Do you agree with the approach for this patient up to this point?
MORTAZAVI: That’s a good thing because my approach is I stay full force until I get into the first set of scans. I’ll obviously do it safely, when I see the symptoms. I think we’re going to get into more of an overlapping toxicity: Now the patient has had a nice response to therapy but has elevated creatinine, whereas the creatinine may have been normal previously.

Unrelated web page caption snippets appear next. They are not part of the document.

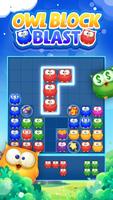 Owl Block Blast Affiche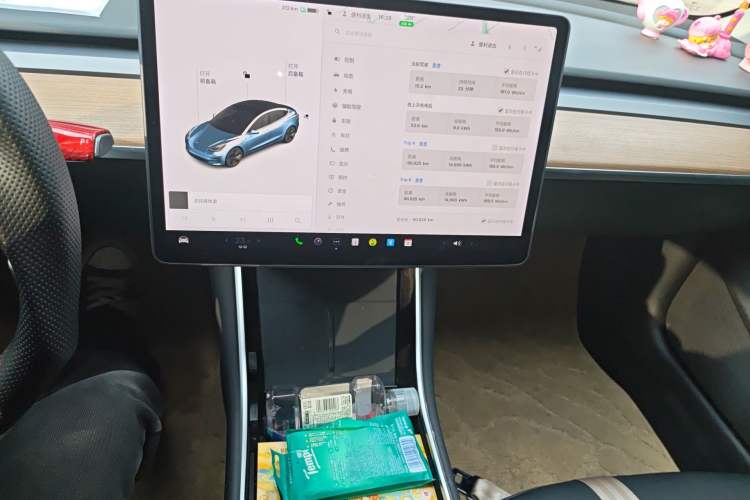 Used Tesla Model 3 2020 Revised Version Standard Range Rear-Wheel Drive – Upgraded Edition
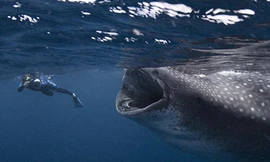 Cá mập khổng lồ suýt nuốt chửng thợ lặn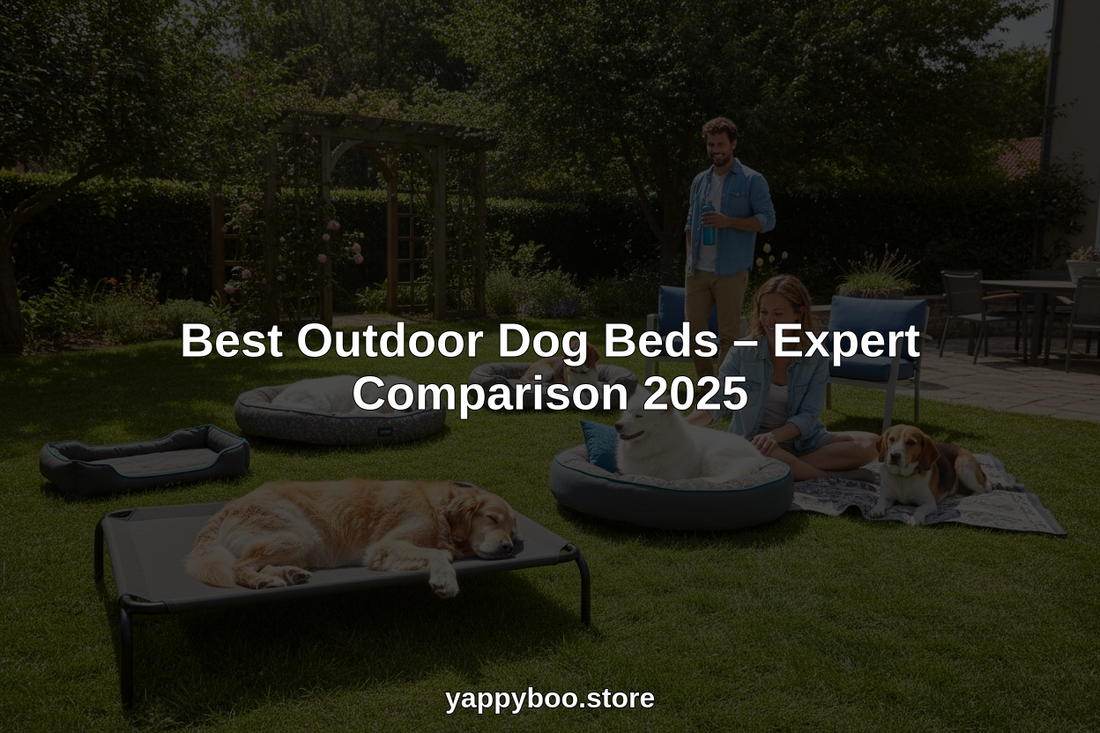 best outdoor dog beds hero header image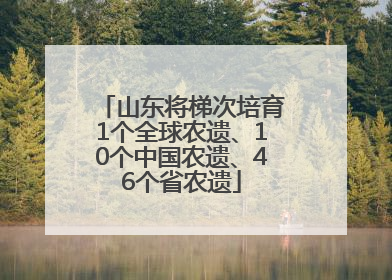 山东将梯次培育1个全球农遗、10个中国农遗、46个省农遗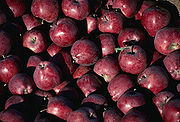 Bushels of Red Delicious apples. Red delicious apples.jpg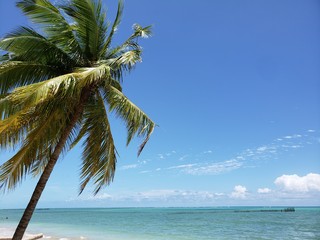 coqueiro, palmeira, praia, natureza, paraíso, férias, paradisíaco, 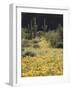 Organ Pipe Cactus Nm, California Poppy and Saguaro in the Ajo Mts-Christopher Talbot Frank-Framed Photographic Print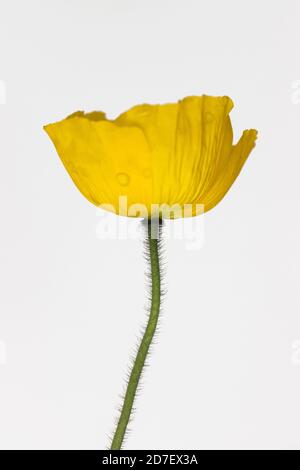 close up of yellow poppy flower on white background Stock Photo
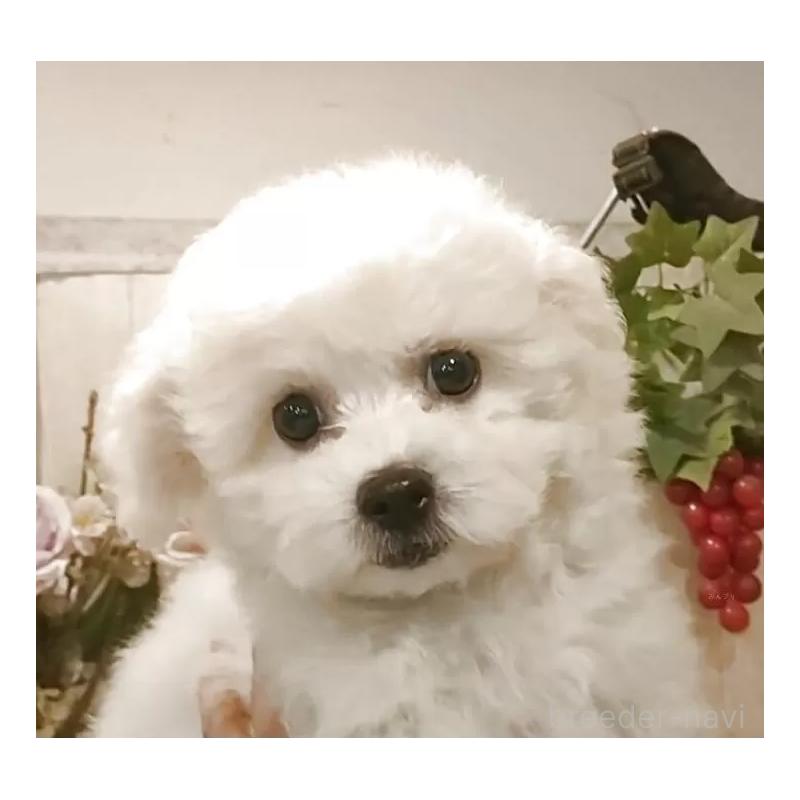 販売中の愛知県のビションフリーゼ-420448の4枚目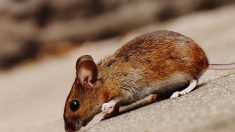 Seine-et-Marne : Il boit un Coca et découvre ensuite une souris à l’intérieur de la canette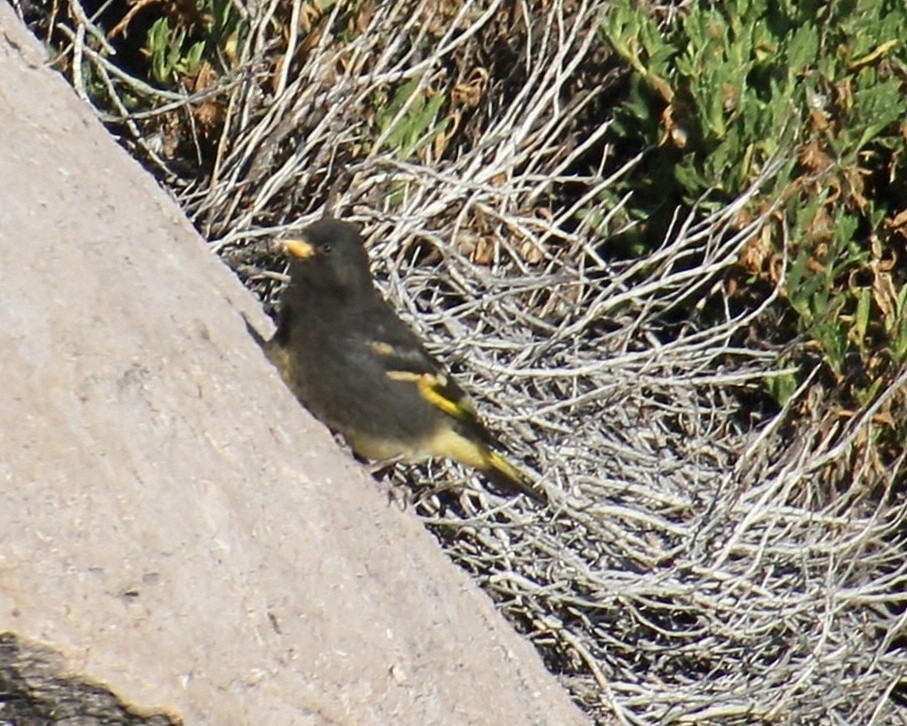 Black Siskin - ML623131796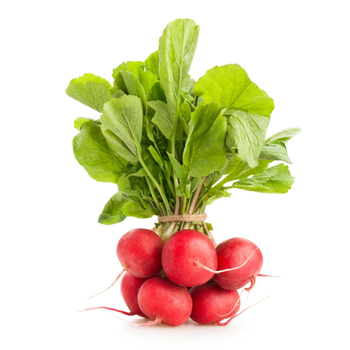 فجل احمر 1حزمة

ORNSTEIN: I do the same. Again, I tried to be aggressive with symptomatic management, at least initially. If a patient is going to get to grade 2, grade 3, and we have to reduce, then that’s OK. The message I try to give to patients and other clinicians is just not to give up on the medication before we can see if it’s working. We can always lower the dose; we can always add some more antidiarrheals, assuming the patient is not dehydrated, to try to optimize management of the symptoms.
How do you confirm nephritis?
MORTAZAVI: I think the poor man’s test for nephritis is just to give steroids. If you give steroids and it gets better, well, you probably have your answer there. Sometimes I know the nephrologists get upset because they like to have a biopsy if possible; we get worried because the patient’s already down to 1 kidney, so we like to start steroids sooner. But I think the key is to hold both.
Again, if you have an improvement within a couple of days, it’s the [axitinib], and it’s fine. If you don’t, you probably want to start steroids sooner rather than later, unless you have a sameday nephrology appointment.
What would you do as the next steps for thispatient’s care?
MORTAZAVI: You have to figure out whether you’re going to restart the axitinib. So, now you have a scenario where the renal function is improving [and] you have a presumed nephritis.
I would have no issues restarting the axitinib because we have our answer as to what caused this AKI [acute kidney injury]. And then again, I’d be holding pembrolizumab until there’s complete renal function recovery. It’s important.
In summary, I think the key is that with axitinib, you have the benefit of having multiple doses. You have the benefit of a very short half-life. You have the benefit of being able to stop therapy, wait a couple of days, and see if there’s improvement to help you decide whether this is an IO-induced toxicity or a TKI-induced toxicity. So certainly leveraging that while managing patients can optimize their care.